What happened
Researchers from the University of Science and Technology of China, National University of Singapore, Singapore Management University, and Shanghai AI Laboratory published a preprint on May 27, 2026 (arXiv:2605.28201) formalising the 'Sleeper Attack' threat model for LLM agents. Tested on 1,896 instances across seven LLMs (open-source and closed-source), the study shows that adversarial content injected into tool-returned data, web pages, or MCP context can persist in agent state (session context, memory, reusable skills) across multiple interactions and activate via a benign user query — achieving higher attack success rates than single-interaction baselines even on agents that appeared resistant to direct prompt injection.
Why it matters
Existing defensive postures for agentic AI — including most prompt-injection defences — assume that adversarial content must trigger harmful behaviour within the same user request.
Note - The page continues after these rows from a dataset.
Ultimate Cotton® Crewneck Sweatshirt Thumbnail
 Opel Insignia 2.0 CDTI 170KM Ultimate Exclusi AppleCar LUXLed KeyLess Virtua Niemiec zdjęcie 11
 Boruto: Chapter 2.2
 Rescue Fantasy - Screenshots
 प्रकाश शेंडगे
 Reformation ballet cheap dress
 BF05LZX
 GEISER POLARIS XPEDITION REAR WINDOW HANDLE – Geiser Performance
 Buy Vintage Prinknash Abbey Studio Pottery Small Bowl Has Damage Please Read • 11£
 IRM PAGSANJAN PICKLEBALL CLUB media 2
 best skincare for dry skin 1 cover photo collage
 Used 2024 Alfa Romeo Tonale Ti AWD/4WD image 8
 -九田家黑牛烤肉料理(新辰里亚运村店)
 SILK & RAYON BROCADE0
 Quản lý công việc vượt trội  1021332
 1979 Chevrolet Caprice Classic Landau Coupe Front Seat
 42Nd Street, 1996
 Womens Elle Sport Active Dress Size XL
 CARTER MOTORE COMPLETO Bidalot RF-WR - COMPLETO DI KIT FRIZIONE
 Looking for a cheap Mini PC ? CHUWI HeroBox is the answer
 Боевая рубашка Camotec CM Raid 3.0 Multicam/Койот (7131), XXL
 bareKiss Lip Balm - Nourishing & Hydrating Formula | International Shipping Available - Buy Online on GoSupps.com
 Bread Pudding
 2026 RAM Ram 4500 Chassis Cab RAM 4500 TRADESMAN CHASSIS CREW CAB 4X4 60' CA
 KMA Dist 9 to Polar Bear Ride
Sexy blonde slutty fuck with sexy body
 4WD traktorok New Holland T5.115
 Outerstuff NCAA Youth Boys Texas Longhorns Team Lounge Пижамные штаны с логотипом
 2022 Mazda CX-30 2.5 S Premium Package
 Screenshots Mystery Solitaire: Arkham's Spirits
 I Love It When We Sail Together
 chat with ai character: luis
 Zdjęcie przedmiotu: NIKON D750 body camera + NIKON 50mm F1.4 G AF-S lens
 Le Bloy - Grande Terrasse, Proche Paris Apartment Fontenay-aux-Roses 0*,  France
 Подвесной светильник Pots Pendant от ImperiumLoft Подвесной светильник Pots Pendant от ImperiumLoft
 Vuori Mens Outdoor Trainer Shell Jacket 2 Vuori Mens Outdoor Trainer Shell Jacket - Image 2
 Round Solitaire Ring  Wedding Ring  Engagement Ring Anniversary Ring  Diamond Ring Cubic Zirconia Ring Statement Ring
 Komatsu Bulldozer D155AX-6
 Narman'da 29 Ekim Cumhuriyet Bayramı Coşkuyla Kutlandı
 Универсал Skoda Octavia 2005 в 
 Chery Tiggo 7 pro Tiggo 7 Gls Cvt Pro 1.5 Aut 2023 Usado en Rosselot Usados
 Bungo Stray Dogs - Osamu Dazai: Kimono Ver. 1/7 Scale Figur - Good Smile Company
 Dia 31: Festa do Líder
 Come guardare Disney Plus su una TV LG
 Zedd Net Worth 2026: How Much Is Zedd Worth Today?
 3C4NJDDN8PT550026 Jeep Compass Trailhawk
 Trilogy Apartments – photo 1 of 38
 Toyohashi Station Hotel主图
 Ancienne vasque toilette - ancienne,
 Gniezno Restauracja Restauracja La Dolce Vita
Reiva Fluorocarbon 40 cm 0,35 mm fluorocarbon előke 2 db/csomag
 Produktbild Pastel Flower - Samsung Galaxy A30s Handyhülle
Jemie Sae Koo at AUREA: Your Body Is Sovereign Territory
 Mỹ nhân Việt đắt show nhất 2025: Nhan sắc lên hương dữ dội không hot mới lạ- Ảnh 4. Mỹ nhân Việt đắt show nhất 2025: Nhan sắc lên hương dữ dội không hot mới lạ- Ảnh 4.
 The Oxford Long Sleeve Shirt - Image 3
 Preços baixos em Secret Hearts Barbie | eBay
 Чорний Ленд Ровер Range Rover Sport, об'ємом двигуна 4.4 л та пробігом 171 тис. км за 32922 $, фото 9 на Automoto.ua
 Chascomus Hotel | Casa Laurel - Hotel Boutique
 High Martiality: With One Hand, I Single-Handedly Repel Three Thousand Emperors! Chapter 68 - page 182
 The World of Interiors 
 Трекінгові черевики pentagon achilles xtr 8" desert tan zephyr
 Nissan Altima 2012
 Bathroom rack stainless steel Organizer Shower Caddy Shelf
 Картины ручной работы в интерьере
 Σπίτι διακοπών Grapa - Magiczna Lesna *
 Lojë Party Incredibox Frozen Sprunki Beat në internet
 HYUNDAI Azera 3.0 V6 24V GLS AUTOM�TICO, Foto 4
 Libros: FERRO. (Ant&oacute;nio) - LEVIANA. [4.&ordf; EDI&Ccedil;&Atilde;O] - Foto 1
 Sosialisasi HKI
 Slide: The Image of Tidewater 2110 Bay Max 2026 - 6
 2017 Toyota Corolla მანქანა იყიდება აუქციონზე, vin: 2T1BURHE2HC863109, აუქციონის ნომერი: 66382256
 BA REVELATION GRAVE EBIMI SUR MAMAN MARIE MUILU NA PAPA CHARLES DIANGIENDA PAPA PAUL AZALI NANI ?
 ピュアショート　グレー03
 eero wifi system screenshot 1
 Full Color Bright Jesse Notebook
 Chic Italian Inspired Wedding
Sleeper Attacks invalidate this assumption: a malicious instruction planted in an agent's memory could remain dormant for days or weeks before being triggered by a completely unrelated benign request, making detection and attribution dramatically harder. This research, co-authored from Singapore, has direct relevance to enterprises deploying memory-enabled or long-running agentic AI systems.
Action needed
Review whether deployed agents have persistent memory or reusable skill stores, and apply stricter controls: restrict writes to memory from external content, add integrity checks on loaded skills, and implement behavioural monitoring that looks for anomalous tool calls correlated across sessions — not just within a single request.